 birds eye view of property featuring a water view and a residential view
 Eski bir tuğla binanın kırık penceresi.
····················
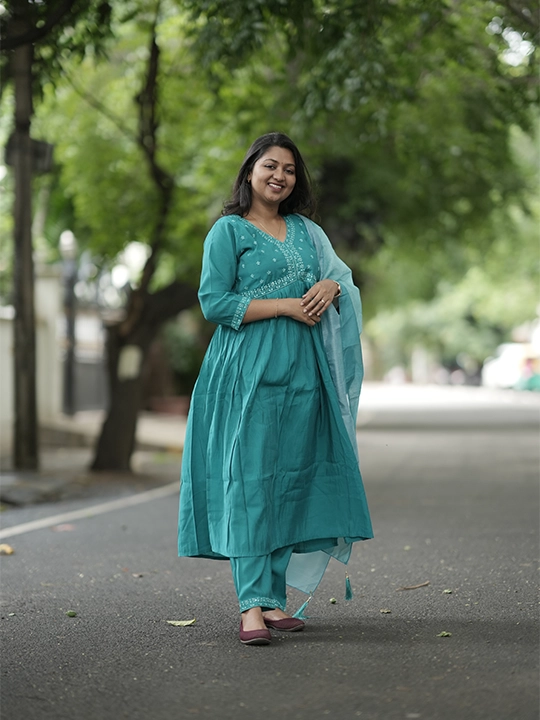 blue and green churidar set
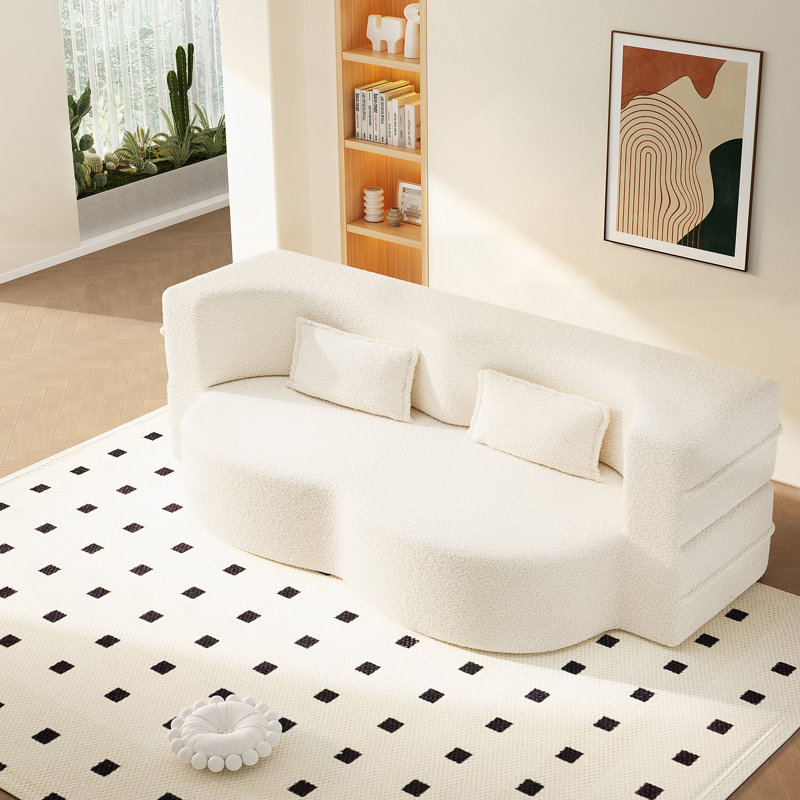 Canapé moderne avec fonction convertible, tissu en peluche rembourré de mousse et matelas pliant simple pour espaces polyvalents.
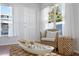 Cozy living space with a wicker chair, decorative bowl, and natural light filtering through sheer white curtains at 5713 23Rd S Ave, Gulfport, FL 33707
····················
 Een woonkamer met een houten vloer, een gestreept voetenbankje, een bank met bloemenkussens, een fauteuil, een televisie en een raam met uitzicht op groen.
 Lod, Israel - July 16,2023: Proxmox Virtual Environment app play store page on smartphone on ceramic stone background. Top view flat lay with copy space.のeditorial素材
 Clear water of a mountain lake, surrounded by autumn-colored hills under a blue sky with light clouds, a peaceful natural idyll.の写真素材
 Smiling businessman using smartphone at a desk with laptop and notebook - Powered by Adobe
····················
## How to complete this task:
Reproduce only the lines above, starting at the line with "Lod, Israel - July" and ending at the line with "Smiling businessman using", exactly as written.

## Worked solution:
 Lod, Israel - July 16,2023: Proxmox Virtual Environment app play store page on smartphone on ceramic stone background. Top view flat lay with copy space.のeditorial素材
 Clear water of a mountain lake, surrounded by autumn-colored hills under a blue sky with light clouds, a peaceful natural idyll.の写真素材
 Smiling businessman using smartphone at a desk with laptop and notebook - Powered by Adobe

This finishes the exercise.